* STORED DATA
###
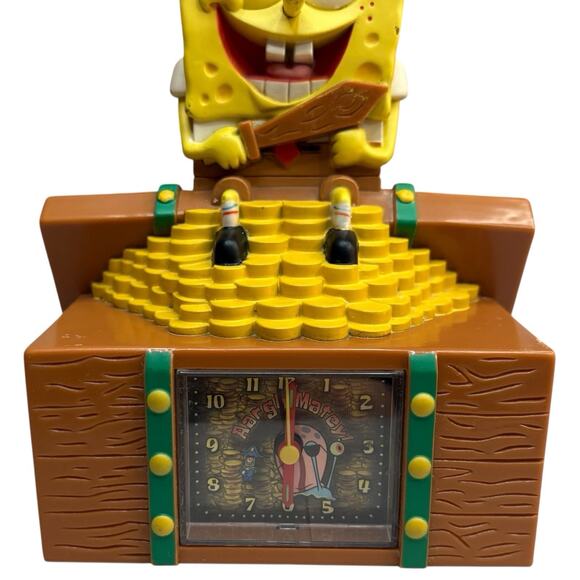 SpongeBob SquarePants Pirate Treasure Chest Clock & Bank 2006 CLOCK ONLY! READ! - Picture 5 of 16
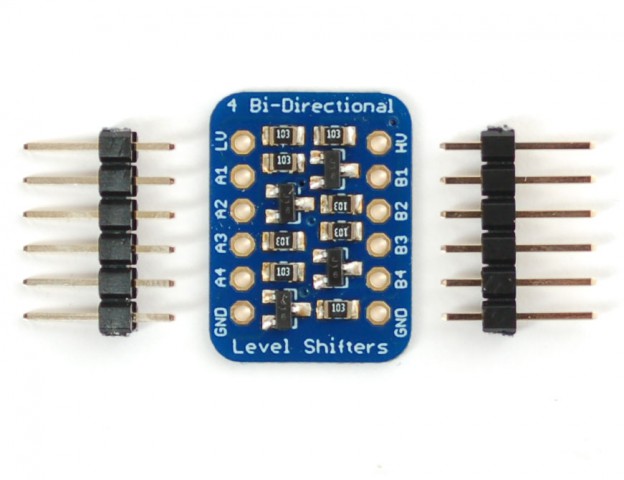 Nivåomvandlare 4 kanaler bidirektionell I2C @ electrokit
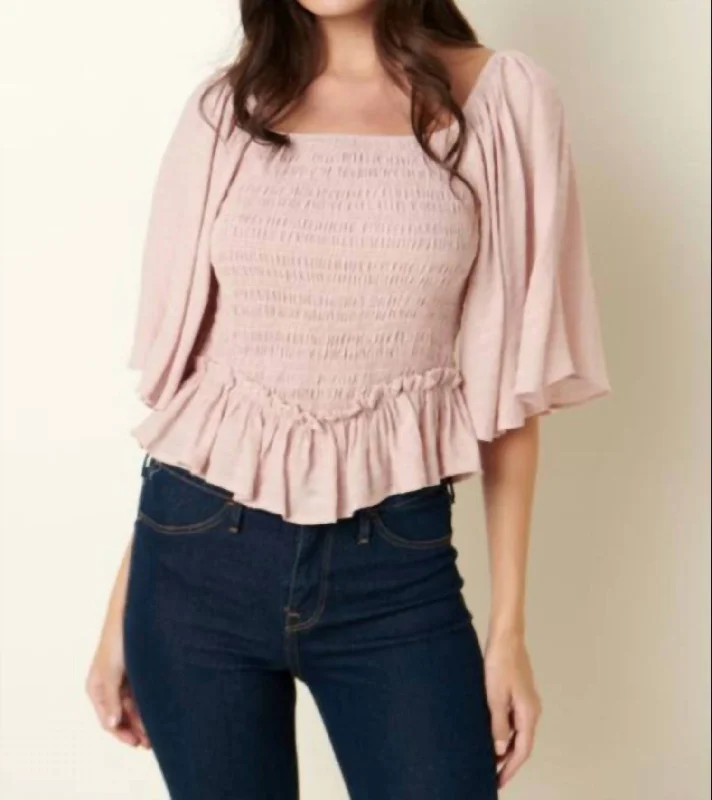 Hurry Before It's Gone Trysta Smocked Peplum Top In Blush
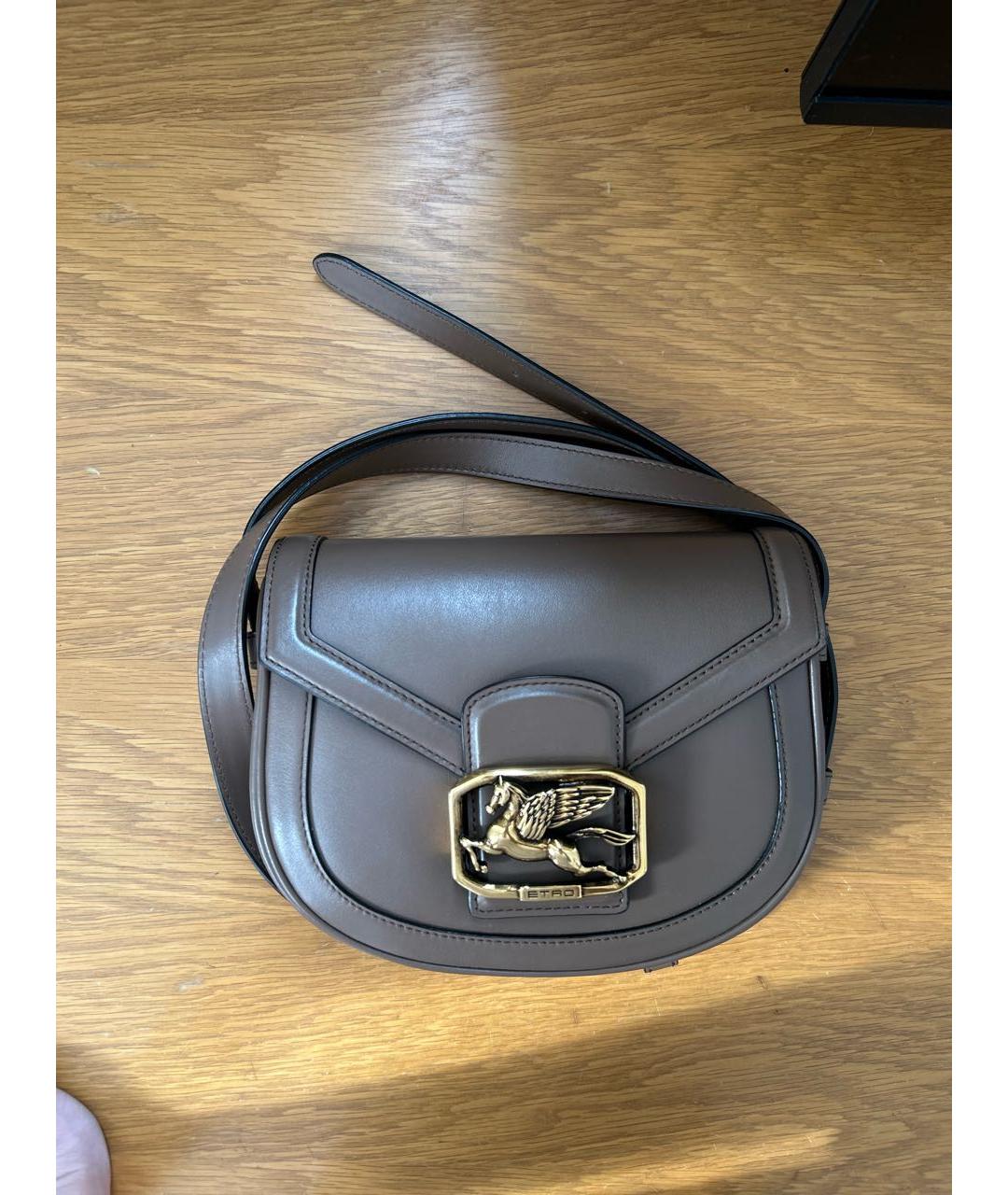 ETRO Бежевая кожаная сумка через плечо, фото 8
###
From the first line to the last, write out the data exactly, omitting any pictures.

* TASK OUTPUT
 SpongeBob SquarePants Pirate Treasure Chest Clock & Bank 2006 CLOCK ONLY! READ! - Picture 5 of 16
 Nivåomvandlare 4 kanaler bidirektionell I2C @ electrokit
 Hurry Before It's Gone Trysta Smocked Peplum Top In Blush
 ETRO Бежевая кожаная сумка через плечо, фото 8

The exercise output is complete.